Will our understanding of literature change?
Beyond the particular genres of stories we may gravitate towards as writers and readers in the coming era, will our very understanding of what literature is change too?
Author and president of the Royal Society of Literature Marina Warner believes the step away from ‘office culture’ towards an internet-driven workplace could help democratise the historically elitist world of publishing – and therefore broaden the range of novels readers are offered. “We are all cooped up in our fenced-in homes while the internet is absolutely borderless and that’s a huge contrast that will help.”

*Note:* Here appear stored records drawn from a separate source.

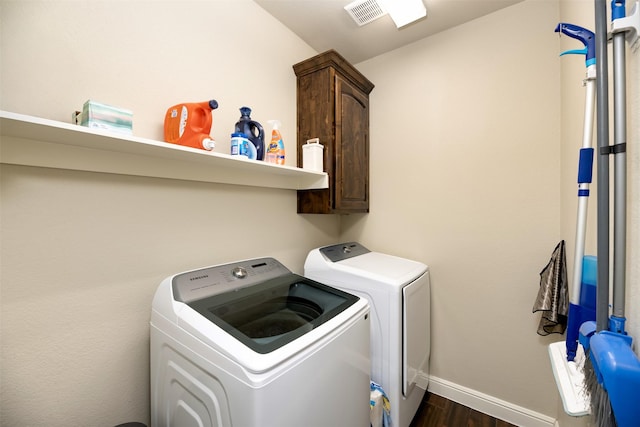 laundry room with washing machine and clothes dryer, cabinet space, visible vents, dark wood-type flooring, and baseboards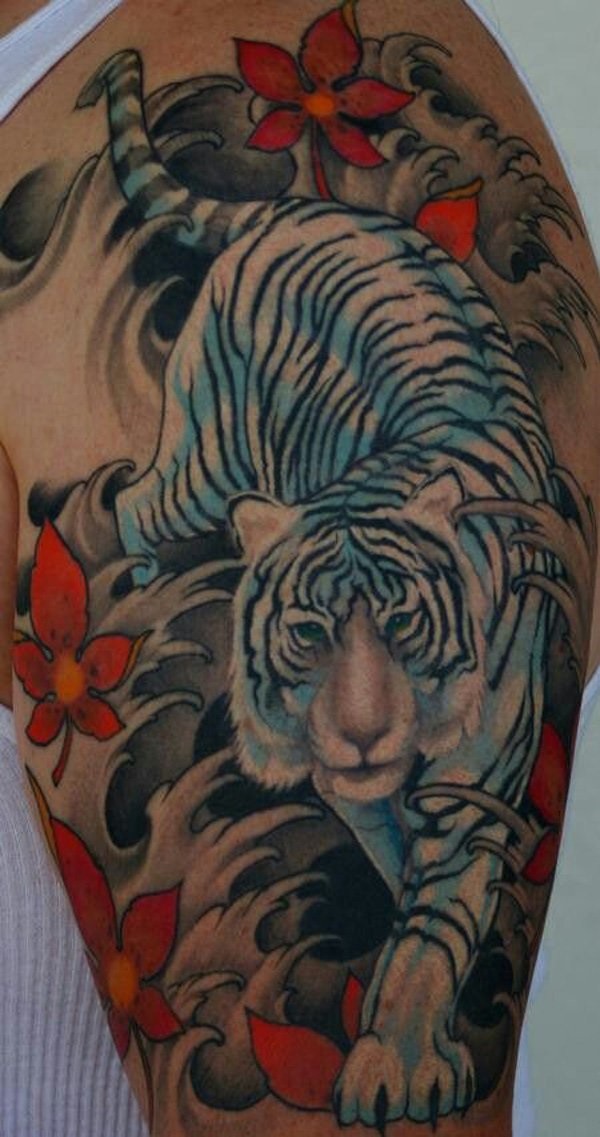 Asian style colorful shoulder tattoo of white tiger with wildflowers
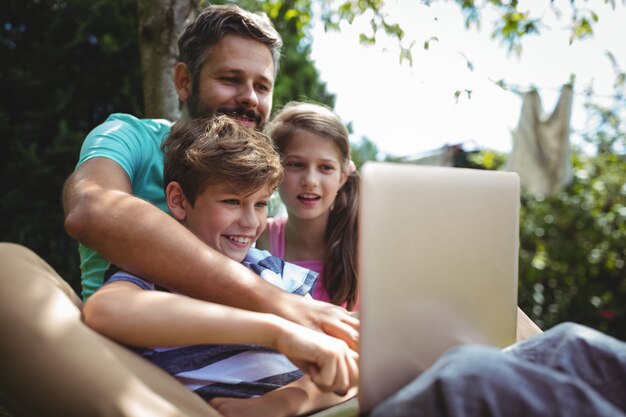 Father and kids using laptop in garden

When it comes to non-fiction, meanwhile, literary agent Robert Caskie thinks the desire for answers to a global challenge could also see a resurgence of the pamphlet, which first sprung up in times of political unrest of the 16th Century. “I think people will be looking to read about things in a different way and I think it will add credence to the notion of a pamphlet, longer than a short read and shorter than a book.”
Daunt, on the other hand, believes people may plump for poetry to provide a more detached contemplation during times of stress, given sales of poetry sales having already soared over the last few years, increasing by over 12% in 2018 for the second year in a row. “People will look for books that are reflective at this point – we saw it after 9/11 and other points of stress, poetry seems to get a boost and generally books that encourage or support contemplation.” This is also supported by Page, who suggested Faber has already recorded a growth in poetry sales in his recent Today interview. A spokesman for the publisher subsequently told BBC Culture it has seen a particular surge in interest for poetry classics with sales of Sylvia Plath’s 1965 collection Ariel up 59% in the last fortnight.
While predicting the long-term literary future is all well and good, however, the most pressing concern right now, of course, is to keep bookshops and the publishing industry afloat. The hope is that, by continuing to buy books, whether online or otherwise, readers can provide support to the book business just as it has provided comfort for them.